Kardashian Vocal Fry Used By Whales To Catch Prey

A sexy vocal technique used by Kim Kardashian and Katy Perry is also being used by dolphins and whales to help them catch their prey, says a new study.

Vocal fry is characterised by dragging out certain syllables to make them deep and raspy and is used by a host of Hollywood celebrities.

Now researchers from the University of Southern Denmark and Aarhus University have discovered that whales use it to echolocate their food.

The technique – says the study – is common among sperm whales, killer whales, dolphins and porpoises.

Vocal fry is one of the toothed whales’ three vocal ranges.

Per G. Henriksen, Aarhus University, Denmark/Newsflash; Fjord and Baelt Center, Kerteminde, Denmark/Newsflash

Others are the normal speaking voice and the falsetto register characterised with higher frequencies.

Voice scientist at the Department of Biology at the University of Southern Denmark Professor Coen Elemans said in a statement obtained by Newsflash: “Vocal fry is a normal voice register that is often used in American English.

“Kim Kardashian, Katy Perry and Scarlett Johannsen are well-known people using this register.

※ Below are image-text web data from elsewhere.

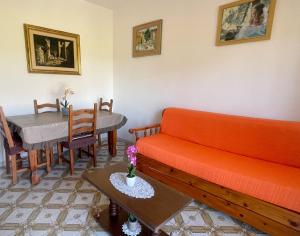 a living room with a couch and a table at FELYX APARTMENT - Bright, Spacious, and 100 mt from the waves - Lavinio Mare in Anzio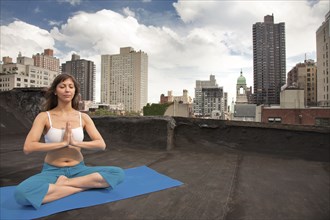 Mixed race woman practicing yoga on rooftop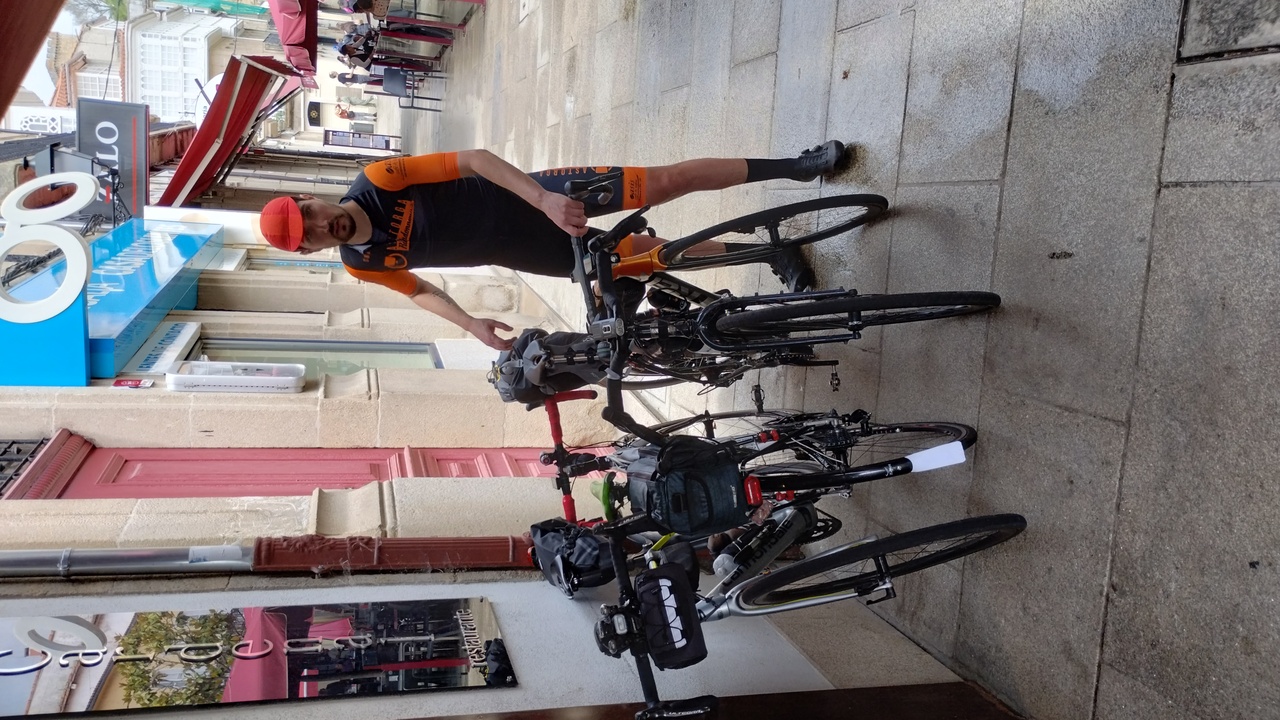 Sergio, picking up his bike from the parking place with several other bikes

“During vocal fry, the vocal folds are only open for a very short time, and therefore it takes very little breathing air to use this register.”

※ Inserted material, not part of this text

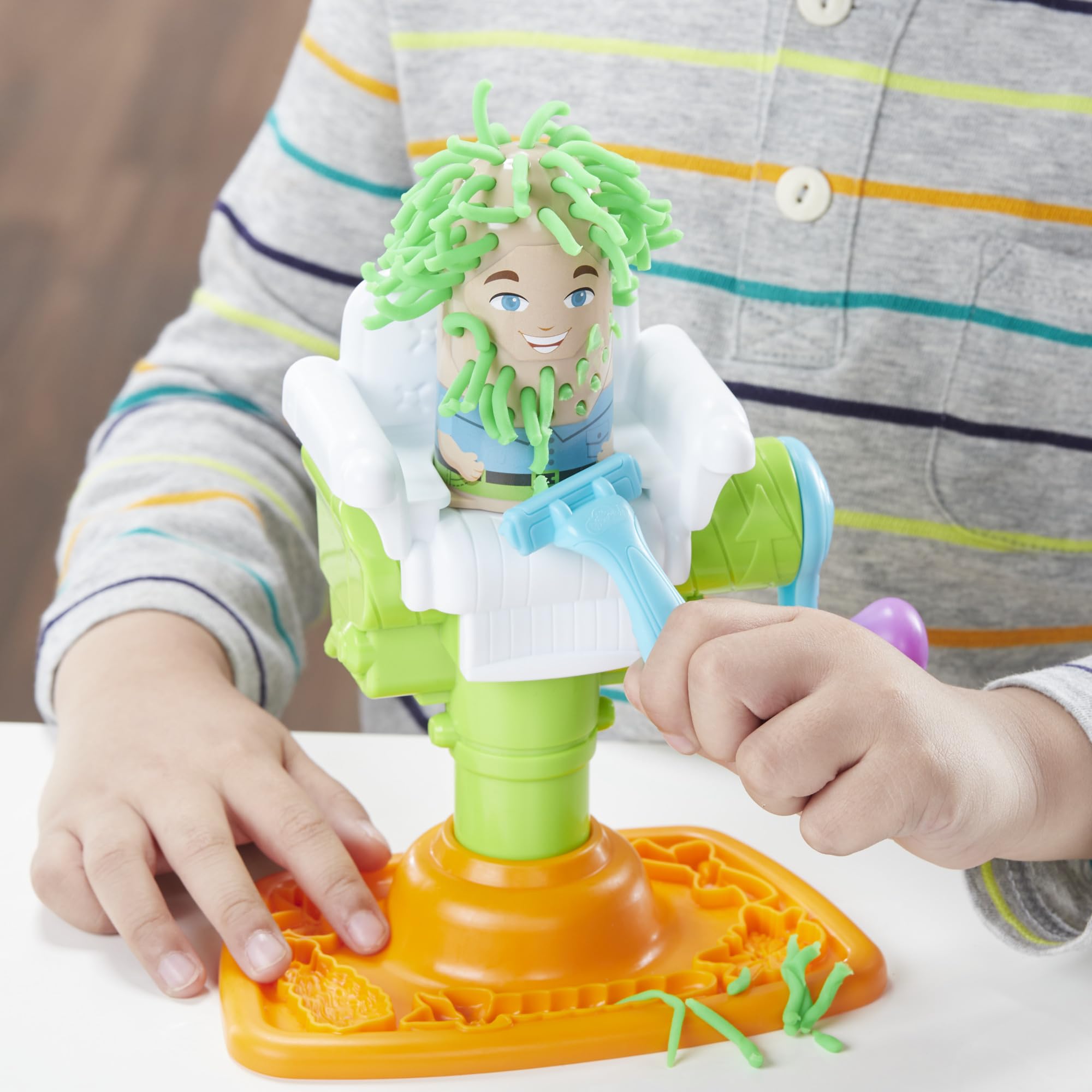 Play-Doh two character heads before and after haircut demonstrating transformation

Whale biologist at the Department of Biology at the Aarhus University in Denmark Professor Peter Madsen, added: “And this air-economy makes it especially ideal for echolocation.

“During deep dives, all air is compressed to a tiny fraction of the volume on the surface.”

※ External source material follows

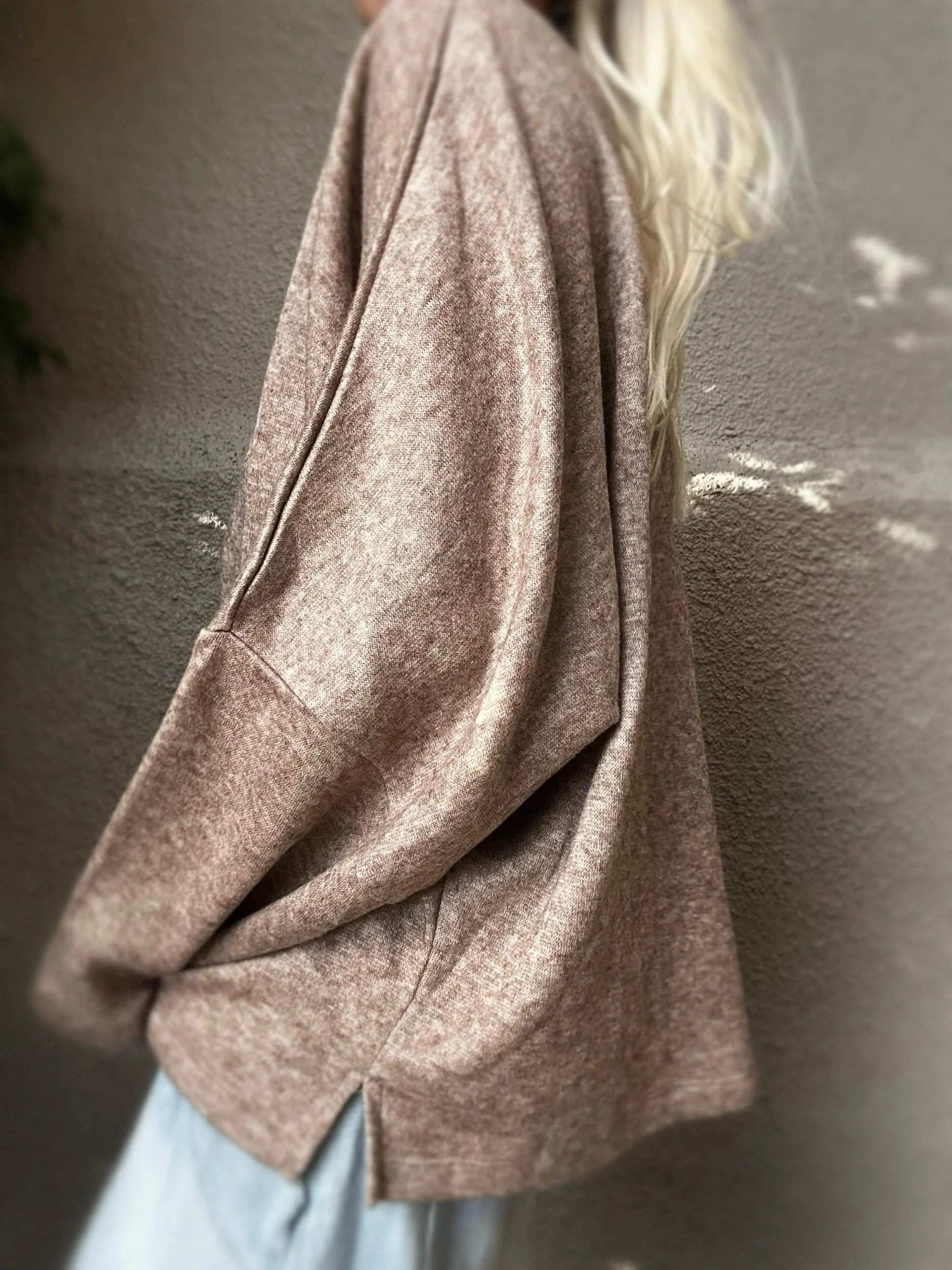 Side view of brown Banditas Haiku V-Neck Sweatshirt showing its relaxed silhouette and draped sleeve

Toothed whales which dive as deep as 2,000 meters (6,561 feet) and catch more fish than the whole human fishing industry reportedly produce short, powerful and ultrasonic echolocation clicks.

Image shows infographic explaining how toothed whales produce sound, undated photo. A study showed that toothed whales catch food in the deep using vocal fry. (Mikkel Larris, University of Southern Denmark/Newsflash)

At rates of up to 700 per second, these clicks serve them to locate, track and catch prey, according to the study.

Madsen said: “Thus vocal fry allows whales access to the richest food niches on earth; the deep ocean.”

Elemans added: ” While vocal fry may be controversial in humans and may be perceived as everything from annoying to authoritative, it doubtlessly made toothed whales an evolutionary success story.”

The study reportedly outthrew previous outdated research that toothed whales make sounds with their larynx just as other mammals.

Additionally, it showed that they have evolved an air-driven sound production system in their nose, that functions physically analogous to laryngeal and syringeal sound production in mammals and birds.

Madsen explained: “Evolution has moved it from the trachea into the nose, which allowed much higher driving pressures – up to five times what a trumpet player can generate – without damaging lung tissues.”

Image shows the deployment of a sound recording tag on the sound producing nose of a sperm whale, undated photo. A study showed that toothed whales catch food in the deep using vocal fry. (Per G. Henriksen, Aarhus University, Denmark/Newsflash)

Elemans explained that at depths of more than 100 metres (328 feet) whale lungs collapse to escape compression sickness and as such they do not provide air supply.

The remaining air however, is located in whales’ nasal passages of the skull which provides a small but sufficient airspace to produce echolocating sound at astonishing depths.

When echolocating toothed whales pressurise air in their bony nose it then passes structures called phonic lips which vibrate like vocal cords, says the study.

Elemans added: “This high driving pressure allows toothed whales to make the loudest sounds of any animal on the planet.”

As well as echolocation, toothed whales use their chest and falsetto registers for complex social communication.

Madsen said: “Some species, like killer and pilot whales, make very complex calls that are learned and passed on culturally like human dialects.”

The researchers who spent nearly a decade on the study reportedly used several approaches with both trained dolphins and animals in the wild to record their sounds.

The live recordings were made at Dolfinarium Harderwijk aquarium in Holland.

Image shows an underwater recording of an echolocating harbor porpoise (Phocoena phocoena) catching a fish with a buzz that involves 400 clicks/second. A study showed that toothed whales catch food in the deep using vocal fry. (Fjord and Baelt Center, Kerteminde, Denmark/NewsflashDenmark/Newsflash)

Elemans concluded: “It took us close to 10 years to develop new techniques, gather and analyse all our data.”

Biophysicist and voice researcher from the Department of Behavioral and Cognitive Biology at the University of Vienna Christian Herbst who carried out a similar study said: “It is impressive that many mammals have vocal capabilities that are physically comparable to those of humans and use them accordingly in non-verbal communication.

“But the fact that we can also use the voice to sing opera or heavy metal, for example, is impressively unique to us in the animal kingdom.”

The study was published in the peer-reviewed academic journal ‘Science’ on Thursday, 2nd March 2023.